This review is part of our coverage of the 2023 Sundance Film Festival.
The Pitch: “You have to know that only 3% of people make it. The rest end up in a mental institution—or in a go-go box in Hell’s Kitchen.” Welcome to AdirondactS, an intimate theater camp where such wisdom is imparted to young actors. Over the summer, we’ll see the details of theater camp in a mockumentary-style film sharply directed by Nick Lieberman and Molly Gordon (both making their directorial debuts).
First framed as a documentary about Adirondacts founder Joan (Amy Sedaris), things start to go awry when she falls into a coma — a result of “the first bye bye birdie-related injury in Passaic County history” — and former campers behind. Best friends and devoted instructors Amos (Ben Platt) and Rebecca-Diane (Molly Gordon) pick up the pieces, while Joan’s messy son Troy (Jimmy Tatro) does his best to keep things afloat.

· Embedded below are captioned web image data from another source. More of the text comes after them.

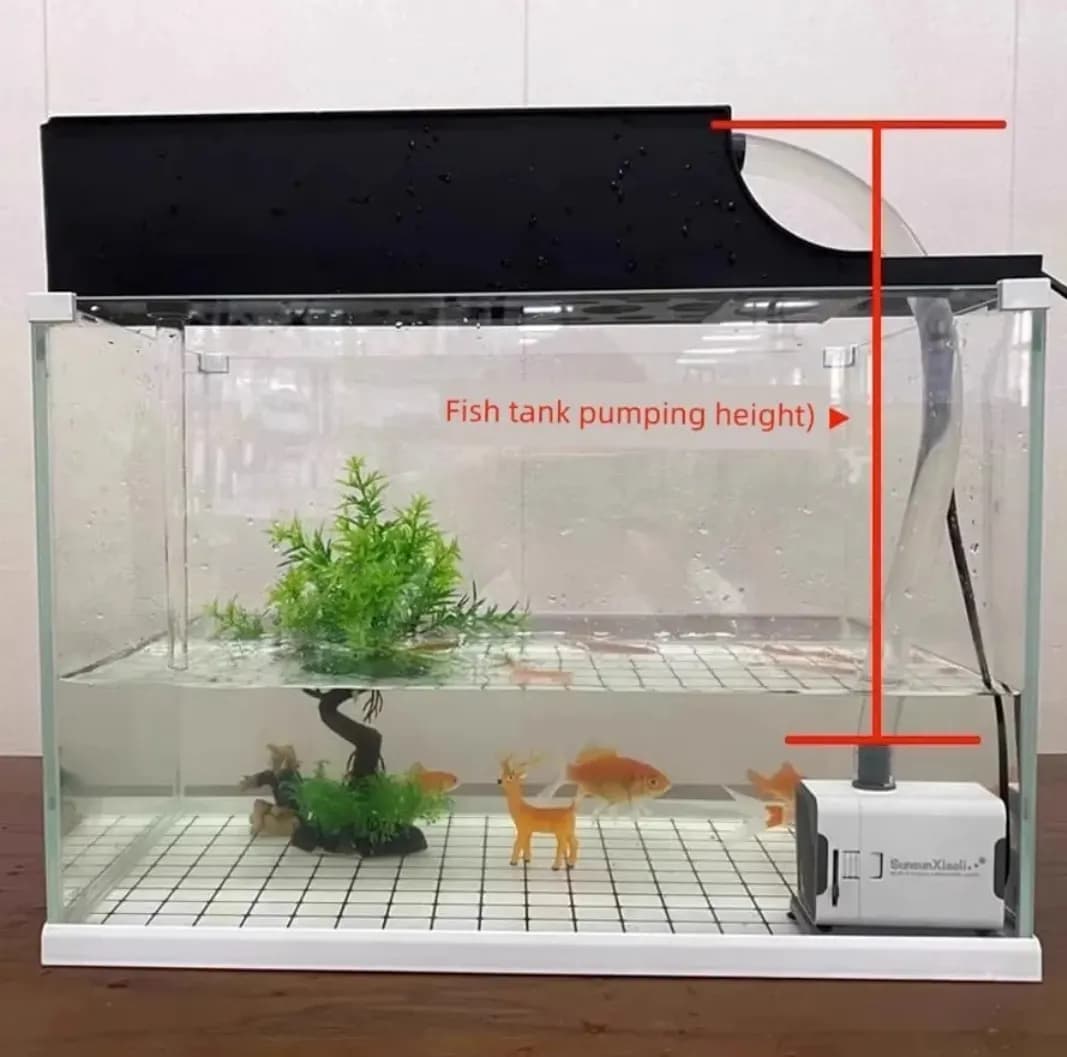 Akvarium uchun suv nasosi 6W 500l/soat, jim va sozlanadigan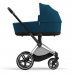 Cybex e-Priam Mountain Blue Chrome black frame Bērnu Ratiņi 4in1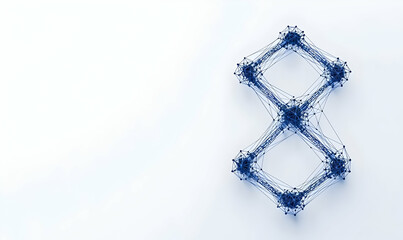 Poster - Abstract Blue Network Structure Forming a Unique Shape on White Background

Rounding out AdirondaCTS are Clive (Nathan Lee Graham) as our dance instructor, Janet (Ayo Edebiri) for stage combat, Gigi (Owen Thiele) for costume design, and Glenn (Noah Galvin) for walking technique. And as if that weren’t enough, we’re graced by Alan Kim as an aspiring agent and a perfect performance by the ever-welcome Patti Harrison as an opportunistic investor hoping to integrate Adirondacts into a flashier camp nearby.
Count Me In: First and foremost, the joy of Theater Camp lies in its absolutely perfect detail. The screenplay, co-written by Platt, Gordon, Galvin and Lieberman, is laughable, funny, full of hyper-specific details that would send chills down anyone who could recognize the names Interlochen, Stagedoor Manor or Frenchwoods. It’s a film that could only be written by a group of people who know what the stakes can be for most local productions: it’s funny not because it’s rude or overdone, but because it’s all so absolutely true .
“Let’s throw in some spices,” directs Amos von Platt, a teenager working on a scene. “A little bit of cinnamon, a little bit of pain, a little bit of stepdad.” Later, while working with the same camper, he commented that he “don’t really feel how the IBS affects the character in detail.” It’s perfect.
Because I Met You, I Changed (For Good): In real life, the stars Platt and Gordon actually grew up together, which adds another layer of believability to the story (the footage of the two in Fiddler on the Roof and How to Succeed Being in business without really trying as a kid is authentic indeed). Their relationship and intimacy is the axis on which the glittering story revolves, and two great performances are produced as a result.